L’evoluzione della gamma di smartphone di Cupertino sta per entrare in una nuova fase strategica, segnando un distacco dalle rigide tempistiche commerciali del passato. Mentre l’attenzione del grande pubblico è spesso focalizzata sui modelli autunnali, le ultime analisi di mercato puntano i riflettori su ciò che ci aspetta all’inizio del 2027. Secondo quanto riportato dalla testata specializzata MacRumors.com, che ha diffuso i dettagli di una nota di ricerca stilata dall’analista Jeff Pu di GF Securities, l’azienda californiana sta delineando le specifiche della seconda iterazione del suo dispositivo più sottile. L’atteso iPhone Air 2 dovrebbe infatti fare il suo debutto nel primo trimestre dell’anno, portando con sé un preciso pacchetto di innovazioni tecnologiche mirate a ottimizzare consumi, connettività e resa fotografica.
Prestazioni e connettività al vertice con i nuovi chip proprietari
Il vero motore del futuro smartphone sarà il processore A20 Pro, progettato per compiere un netto salto prestazionale rispetto all’attuale A19 Pro a 3 nanometri. La novità architetturale più rilevante consiste nel passaggio al processo produttivo avanzato a 2 nanometri sviluppato da TSMC, una transizione in grado di garantire non solo un aumento della pura velocità di calcolo, ma soprattutto un’efficienza energetica di gran lunga superiore.
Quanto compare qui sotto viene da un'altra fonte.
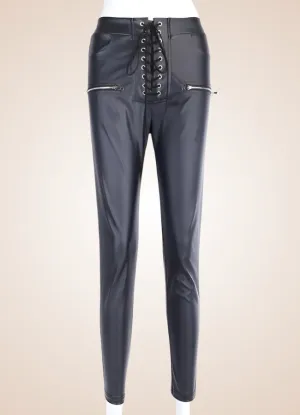 Steampunk Skinny Lace Up Pants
Accanto al chip principale, l’architettura di sistema accoglierà le versioni di seconda generazione dei componenti di rete proprietari. Sotto la scocca troverà posto il nuovo chip N2 per le reti wireless: se l’attuale modulo N1 permette già l’utilizzo di standard come Wi-Fi 7, Bluetooth 6 e Thread migliorando funzionalità chiave come AirDrop e Personal Hotspot, il suo successore promette di innalzare ulteriormente l’affidabilità di questi scambi di dati. Il pacchetto comunicazioni sarà completato dal chip C2 per il 5G, destinato a rimpiazzare il modello C1X, un modem che già oggi Apple descrive come il più efficiente mai montato su un proprio dispositivo.
Comparto fotografico rinnovato e conferme sul display
Sul fronte multimediale e del design, i piani dell’azienda prevedono interventi mirati volti ad arricchire l’esperienza utente senza stravolgere l’estetica di base. Il cambiamento più visibile nella back cover sarà l’introduzione di una seconda fotocamera da 48 megapixel dotata di ottica ultra-grandangolare, che andrà ad affiancare e completare l’attuale lente Fusion, offrendo una maggiore flessibilità negli scatti. Spostandoci sulla parte frontale dello schermo, gli utenti noteranno una Dynamic Island leggermente ridimensionata, pensata per restituire una porzione di pixel utili all’interfaccia.
Nonostante queste novità visive, molte delle caratteristiche vincenti dell’hardware attuale verranno mantenute. Il display continuerà a offrire un’ampia diagonale da 6,5 pollici, un formato ormai consolidato per questa categoria. L’intero sistema potrà contare su una solida memoria RAM da 12 GB, essenziale per gestire i crescenti carichi di lavoro legati all’intelligenza artificiale, mentre per autoscatti e videochiamate resterà in forze la collaudata fotocamera anteriore da 18 megapixel con supporto integrato alla tecnologia Center Stage.
Una finestra di lancio frammentata per i nuovi dispositivi
Queste anticipazioni si inseriscono all’interno di un quadro strategico più ampio, che vede una rimodulazione dell’intero calendario Apple. Il lancio di iPhone Air 2 è previsto per marzo 2027, un mese in cui non arriverà solo, ma sarà affiancato dal modello standard iPhone 18 e da un’inedita e più economica variante battezzata iPhone 18e.
Questa scelta evidenzia la volontà di dividere la presentazione dell’ecosistema mobile in momenti separati. I dispositivi di fascia premium della lineup, ovvero iPhone 18 Pro, iPhone 18 Pro Max e l’innovativo modello pieghevole che le voci identificano come iPhone Ultra, continueranno invece a rispettare la tradizionale finestra di lancio del mese di settembre. Una suddivisione che permetterà all’azienda di distribuire meglio le novità hardware e mantenere alta l’attenzione sul marchio per tutto l’arco dell’anno.